Я проснулся на рассвете. Идя на кухню, вижу, как Пярзад-нене[23] расстилает в своей комнате молитвенный коврик. На нем зелеными нитями вышита ниша, острием обращенная в сторону киблы[24].
Пярзад-нене покрылась широким белым платком, видны только лицо и ладони. Она произносит: «Аллаху акбар», соединяет руки на груди и, опустив голову, полушепотом читает суру. В первый раз вижу ее во время намаза: дверь комнаты приоткрыта, и в лучах нового дня силуэт Пярзад светится.
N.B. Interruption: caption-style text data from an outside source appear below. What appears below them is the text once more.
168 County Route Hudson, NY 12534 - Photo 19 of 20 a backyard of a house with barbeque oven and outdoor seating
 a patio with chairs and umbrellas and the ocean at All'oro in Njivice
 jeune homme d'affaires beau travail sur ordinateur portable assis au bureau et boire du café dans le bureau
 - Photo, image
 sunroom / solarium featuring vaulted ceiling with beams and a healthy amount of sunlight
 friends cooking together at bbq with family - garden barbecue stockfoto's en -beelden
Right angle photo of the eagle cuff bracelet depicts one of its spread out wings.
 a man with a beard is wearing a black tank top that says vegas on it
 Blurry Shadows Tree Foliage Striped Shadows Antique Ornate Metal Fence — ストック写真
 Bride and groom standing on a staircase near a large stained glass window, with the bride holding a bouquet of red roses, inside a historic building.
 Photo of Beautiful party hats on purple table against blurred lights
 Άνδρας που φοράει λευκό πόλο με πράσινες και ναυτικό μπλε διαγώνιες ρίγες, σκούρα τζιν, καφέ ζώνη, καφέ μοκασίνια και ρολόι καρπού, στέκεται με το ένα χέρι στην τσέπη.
В доме все еще пахнет зеленью. Вчера ночью Пярзад и Сона нарезали мяту, лук-порей, щавель, петрушку, укроп и горную кинзу для довги[25]. В нашей семье в Рамадан довгу подают на вечернее разговение.
Пока прабабушка молится, сажусь на ковер, прислонившись к дверному косяку. Дождь стих. Cлышу шепот молитвы, мне хорошо и спокойно. Засыпаю.
* * *
– Я тоже должен молиться, нене?
– Каждый волен сам выбирать, Игид. Главное, люби – это самая важная молитва.
– Ею мы платим за счастье?
– Совсем нет. Молитва – это беседа. Разговариваешь со своей душой, благодаришь. За то, что слышишь и видишь, можешь бегать, играть, обнимать, грустить и кушать фисташковое мороженое.
– А если я не буду благодарить, Он обидится?
– Он будет любить тебя так же сильно.
– Нене, я с Ним встречусь, когда умру?
– Ты с Ним встречаешься каждое мгновение. Посмотри на листик инжирного дерева. Видишь, как красиво трепещет на ветру? Это и есть Он. Это ваша встреча.
* * *
Пярзад перекладывает проросшую пшеницу в деревянную миску с высокими бортами. «Игид, беги за Мярдом». Спускаюсь в погреб и, пыхтя, выношу тяжелый речной камень. Он холодный, пахнет кучерявым течением Куры и служит второму поколению нашей семьи.
Пярзад-нене называет его Мярдом, что переводится как «отважный». Им прабабушка будет выдавливать сок из едва проросших зеленоватых ростков пшеницы и варить семени-халву – сласть из специй и грецких орехов.
Пярзад-нене кладет в марлю пшеничную кашицу, выцеживает из нее сок. Темно-зеленый, сладковатый, напоминающий крахмальный раствор. У прабабушки маленькие, пухлые, но крепкие руки. Удивляюсь, откуда в них силы, чтобы измельчить, выжать столько пшеницы.
«Творец наполняет нас силами даже тогда, когда кажется, что их больше нет. Да и женщина – уникальное создание. В ней может биться два сердца».
В сок пшеницы всыпает муку грубого помола, замешивает тесто и обжаривает его в медном тазу, где накалилось топленое масло. Интенсивно мешает – чтобы тесто не прилипло, впитало все масло.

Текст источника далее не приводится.